Scholz will attend a meeting of leaders of the Group of Seven (G7) nations in Japan this week to discuss plans to tighten sanctions on Russia over the war in Ukraine.
New measures will include targeting sanctions evasion involving third countries, officials familiar with the talks have said. U.S. officials also expect G7 members to agree to adjust their approach to sanctions so that, at least for certain categories of goods, all exports are automatically banned unless they are on a list of approved items.
"We're trying to promote good, pragmatic further development," Scholz said when asked about this on the sidelines of a Council of Europe meeting in Iceland.
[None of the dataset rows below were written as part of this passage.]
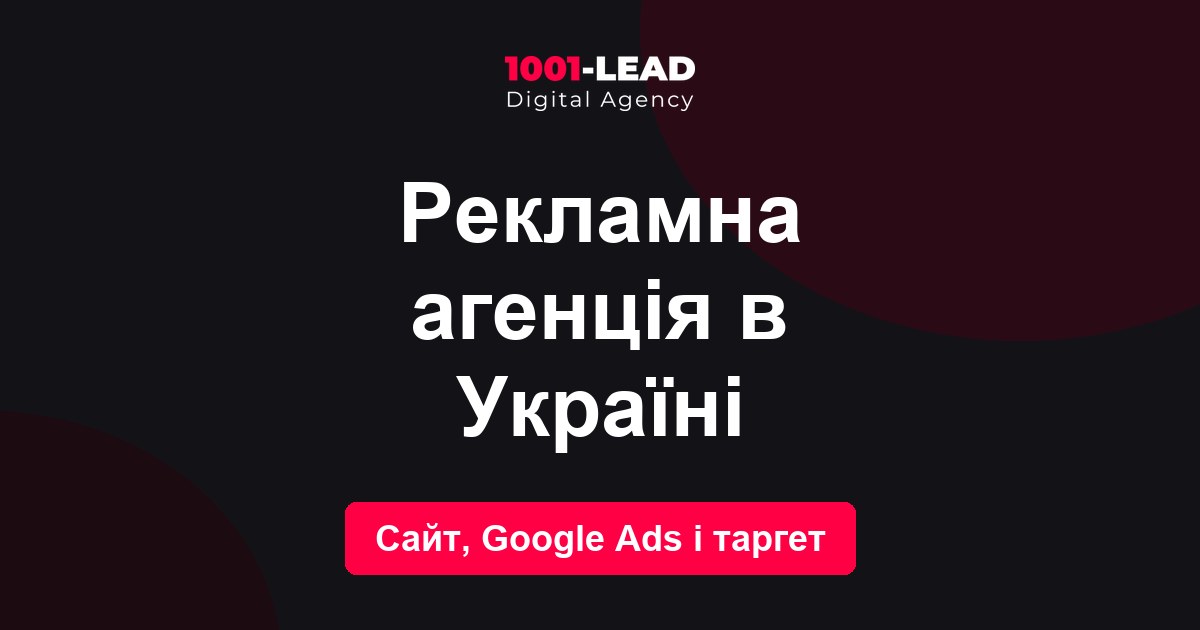 Рекламное агентство в Украине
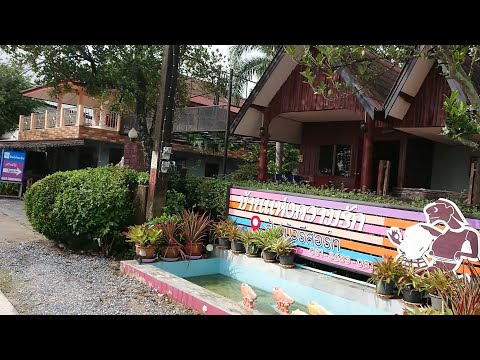 รีวิว โรงแรม ล้านบัวรีสอร์ท อ.ควนขนุน จ.พัทลุง พาชมบรรยากาศยามเช้า และจุดลงเรือท่องเที่ยวอ่าวน้อย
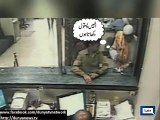 Karachi Bank Dacoity - CCTV Footage of Nervous Dacoit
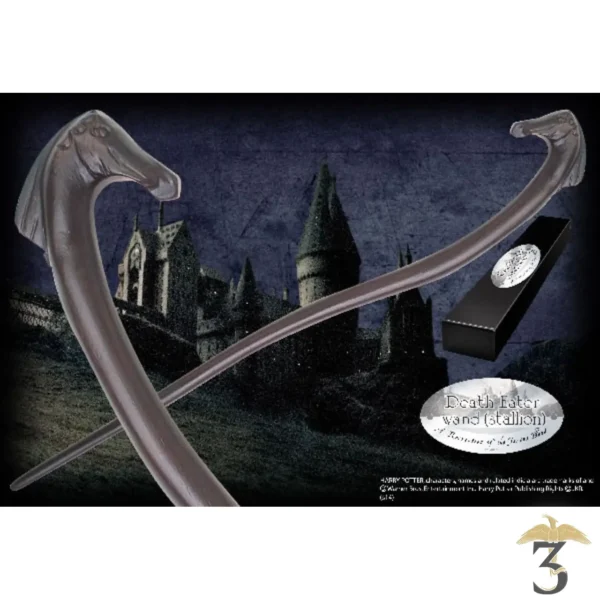 Baguette Mangemort (Etalon) collector - Harry Potter - Les Trois Reliques, magasin Harry Potter - Photo N°2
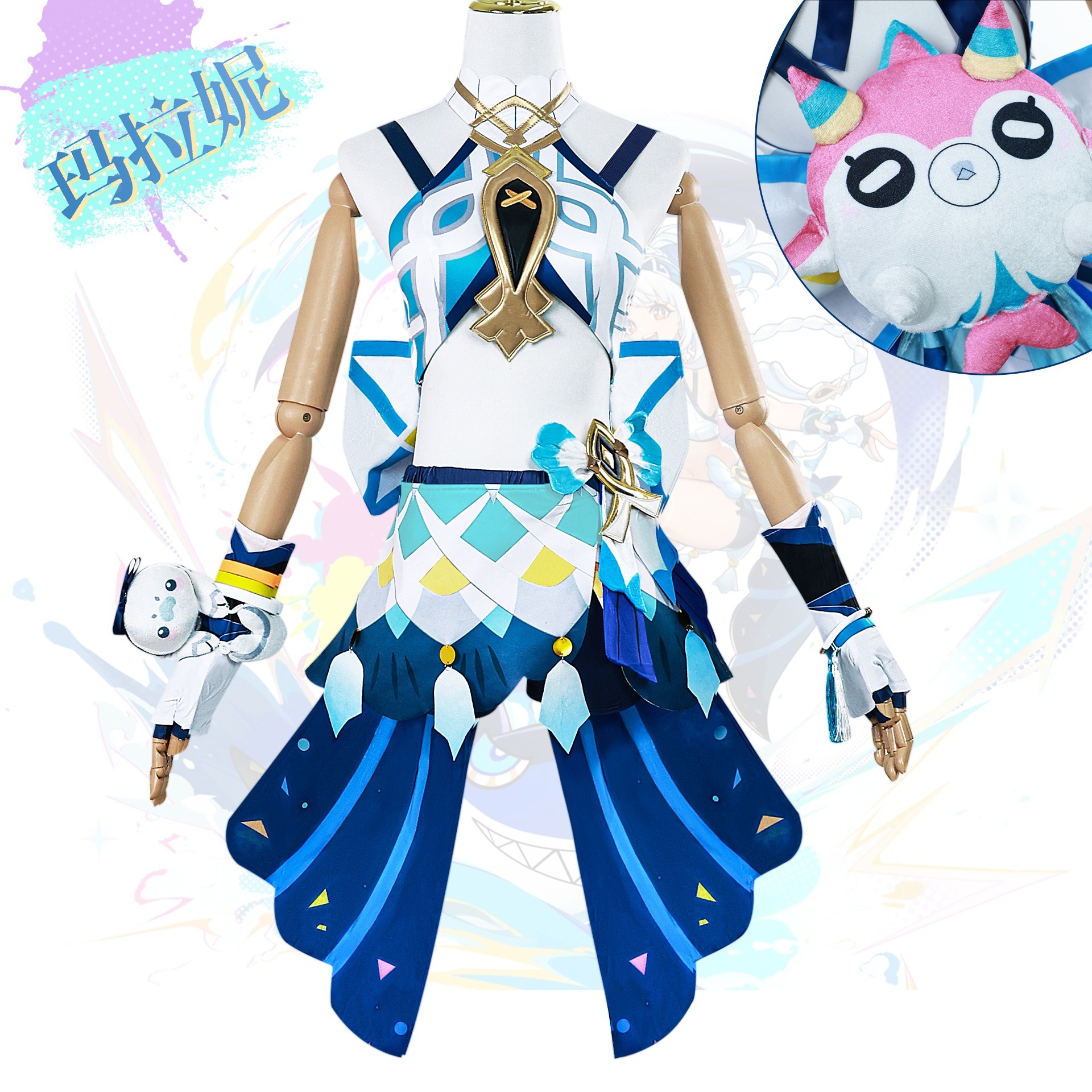 緊急SALE!!!2枚100円OFF！マラニコス服元神ナタ新キャラクターマラニコスプレ二次元コスプレ服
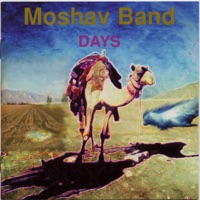 Days - Moshav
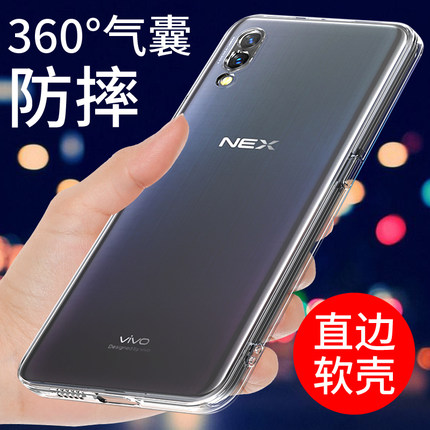 vivonex手机壳透明VIVO NEXS保护套新款软壳NEX旗舰版气囊防摔全包边nexa后置指纹版前置硅胶外壳男女个性潮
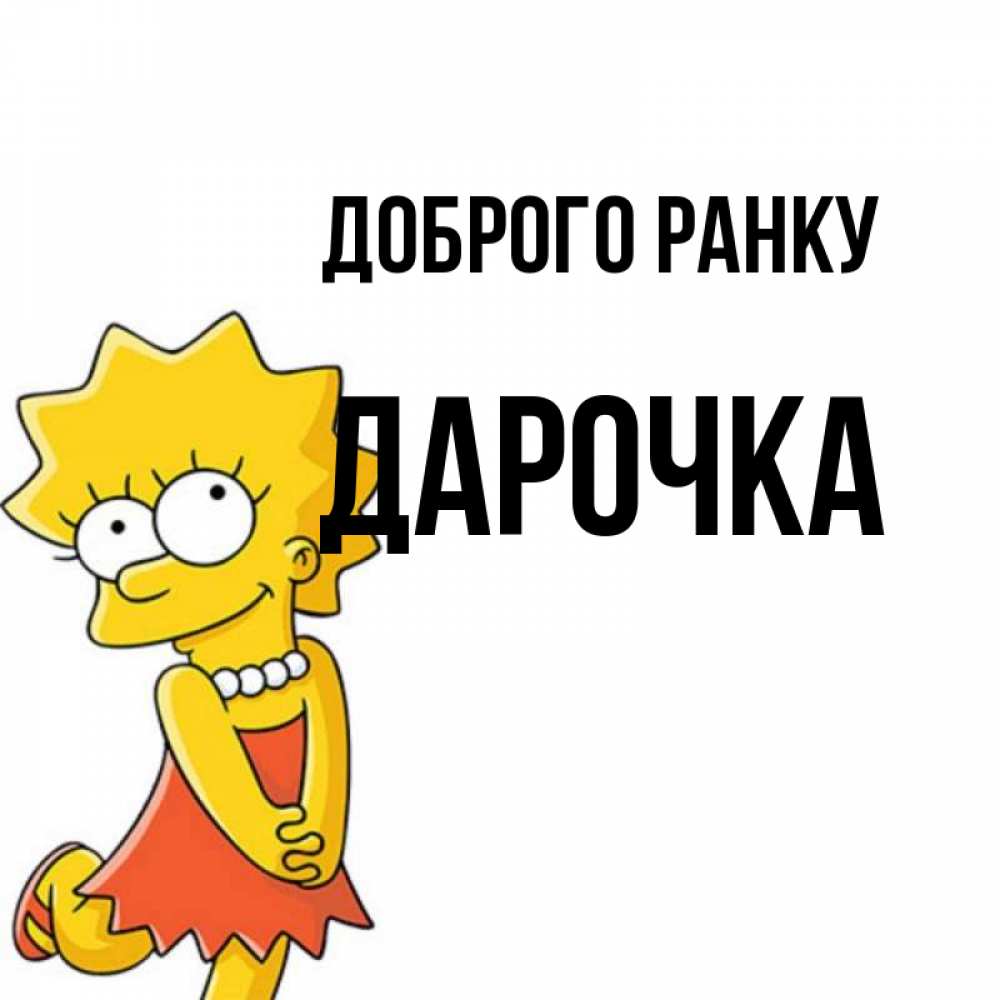 Открытка на каждый день з підписом, Дарочка Доброго ранку в платье и ожерелье Прикольна листівка з побажанням онлайн скачати безкоштовно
He hoped an agreement will be reached "without there being any major system changes".
European leaders at the Council of Europe summit in Reykjavik had discussed ways to hold Russia to account for the invasion of Ukraine and unveiled a mechanism to track the losses and damage inflicted by Moscow's forces.
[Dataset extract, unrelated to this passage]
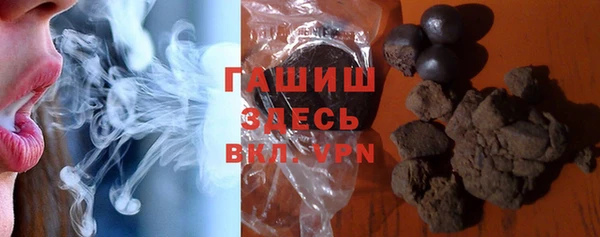 альфа пвп VHQ Баксан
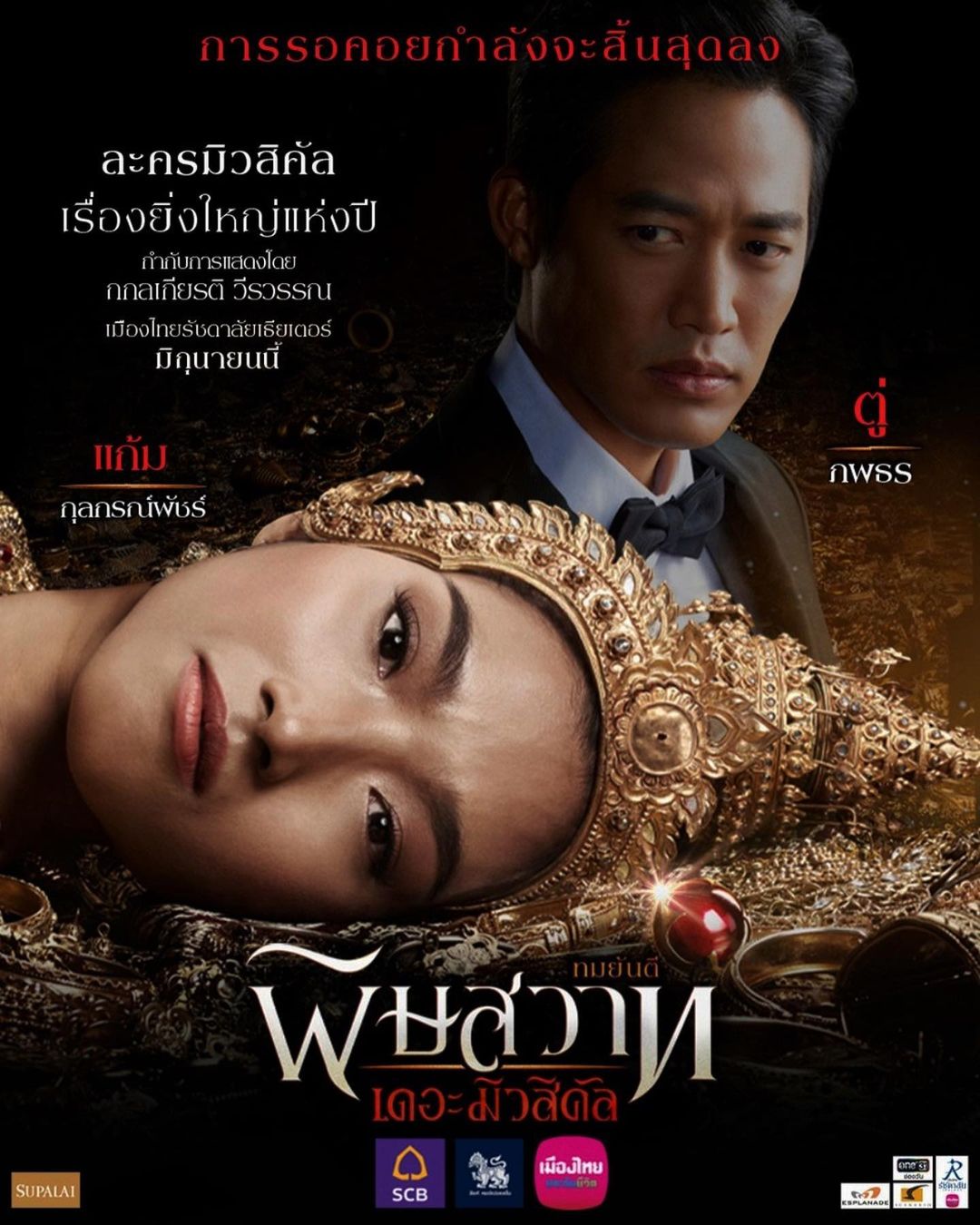 ตู่ - ภพธร สุนทรญาณกิจ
But Scholz said it was not clear how exactly Russia could be made to pay for the damage, suggesting there were few legal options to use frozen Russian assets for example.
Asked whether Berlin would yield to Kyiv's wishes for advanced fighter jets, Scholz said Germany's task was to strengthen Ukraine's air defences.
During the summit, Britain had said it was working with the Netherlands to forge an international coalition to help Ukraine obtain F-16 jets from its allies, though Britain, Germany and the U.S. have so far balked at supplying their own planes.
The German defence ministry published a statement on Wednesday saying it had "a positive view of the Dutch-British push to form a fighter jet coalition for Ukraine" but stressed again Germany would not contribute jets from its own stocks.